Prep 15 mins
Cook 15 mins
A spicy crab cake recipe I have fine tuned to my liking. I serve with garlic herb pilaf.
- 2 tablespoons butter
- 1 shallot, chopped fine
- 1 garlic clove, minced
- 1⁄4 cup red bell pepper, chopped
- 1⁄2 teaspoon kosher salt
- 1⁄2 teaspoon ground black pepper
- 1⁄2 cup mayonnaise
- 1⁄2 cup Dijon mustard
- 1⁄2 teaspoon lemon zest
- 1 tablespoon fresh parsley leaves, chopped
- 1 cup panko breadcrumbs
- 1 large egg
- 1 tablespoon hot sauce
- 1 lb lump crabmeat, picked over to remove cartilage and shell fragments
- 1⁄2 cup peanut oil
- Heat a medium size pan over medium heat.
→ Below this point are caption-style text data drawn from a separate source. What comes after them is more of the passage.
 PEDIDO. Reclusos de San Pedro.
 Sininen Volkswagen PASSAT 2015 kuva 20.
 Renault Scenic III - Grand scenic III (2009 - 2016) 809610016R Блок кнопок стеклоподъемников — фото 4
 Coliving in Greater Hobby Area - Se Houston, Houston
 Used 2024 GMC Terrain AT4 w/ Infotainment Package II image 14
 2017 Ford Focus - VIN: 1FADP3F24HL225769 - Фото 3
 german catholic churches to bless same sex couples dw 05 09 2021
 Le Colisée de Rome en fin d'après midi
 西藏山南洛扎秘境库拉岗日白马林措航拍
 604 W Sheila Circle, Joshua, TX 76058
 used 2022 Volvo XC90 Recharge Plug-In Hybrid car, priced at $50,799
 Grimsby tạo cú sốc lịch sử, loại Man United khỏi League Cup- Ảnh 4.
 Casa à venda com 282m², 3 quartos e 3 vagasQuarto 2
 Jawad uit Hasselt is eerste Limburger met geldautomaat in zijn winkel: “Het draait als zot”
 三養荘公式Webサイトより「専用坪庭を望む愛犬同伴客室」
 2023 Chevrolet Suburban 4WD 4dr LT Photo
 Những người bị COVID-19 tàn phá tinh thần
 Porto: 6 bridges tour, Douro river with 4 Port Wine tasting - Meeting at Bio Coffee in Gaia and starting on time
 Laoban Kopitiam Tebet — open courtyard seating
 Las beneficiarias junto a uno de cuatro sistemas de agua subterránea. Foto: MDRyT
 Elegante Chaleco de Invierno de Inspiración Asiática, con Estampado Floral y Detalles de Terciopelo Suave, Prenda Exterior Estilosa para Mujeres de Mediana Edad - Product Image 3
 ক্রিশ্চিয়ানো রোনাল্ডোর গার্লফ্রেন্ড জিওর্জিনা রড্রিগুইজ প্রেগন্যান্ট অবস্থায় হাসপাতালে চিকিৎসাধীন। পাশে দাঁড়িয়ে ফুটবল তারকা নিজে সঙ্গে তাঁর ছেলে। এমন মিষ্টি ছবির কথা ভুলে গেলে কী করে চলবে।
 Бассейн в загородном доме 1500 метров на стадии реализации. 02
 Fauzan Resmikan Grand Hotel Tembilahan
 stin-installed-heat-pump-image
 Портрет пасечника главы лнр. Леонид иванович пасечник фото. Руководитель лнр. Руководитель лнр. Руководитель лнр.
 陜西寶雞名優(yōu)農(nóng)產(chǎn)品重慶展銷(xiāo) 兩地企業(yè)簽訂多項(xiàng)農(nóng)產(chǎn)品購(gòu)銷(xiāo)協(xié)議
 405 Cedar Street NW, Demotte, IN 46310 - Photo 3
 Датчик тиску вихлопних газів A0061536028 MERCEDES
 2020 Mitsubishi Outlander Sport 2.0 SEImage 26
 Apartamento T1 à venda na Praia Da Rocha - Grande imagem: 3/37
Add the butter. Once melted add the shallot, 1 clove of garlic and red pepper. Lightly saute until tender, about 3 minutes. Season with salt and pepper. Remove from heat and allow to cool.
- In a medium bowl, mix together mayonnaise, Dijon mustard, lemon zest, fresh parsley, 1/2 cup of the panko and egg. Mix in cooked vegetables, hot sauce, and salt and pepper, to taste. Add crabmeat and stir well.
- Form crab cakes. Flatten until they're about 3/4 inches high. Dip the cakes into the remaining panko.
- Add oil to a large skillet over high heat. Add crab cakes and saute, flipping once, until golden brown and crisp, about 5 to 6 minutes per side.
Mmmm, we liked these little cakes, they were very different from anything we have had. Dh will not eat mayonnaise so I didn't tell him it was in them and he was none the wiser, that was a bit sneaky, but he loved them so what's he harm? I made them as written but my crab came out of a tin and I am sure it would be even better with fresh crab. Thank you for posting. Made for PAC Spring 2011.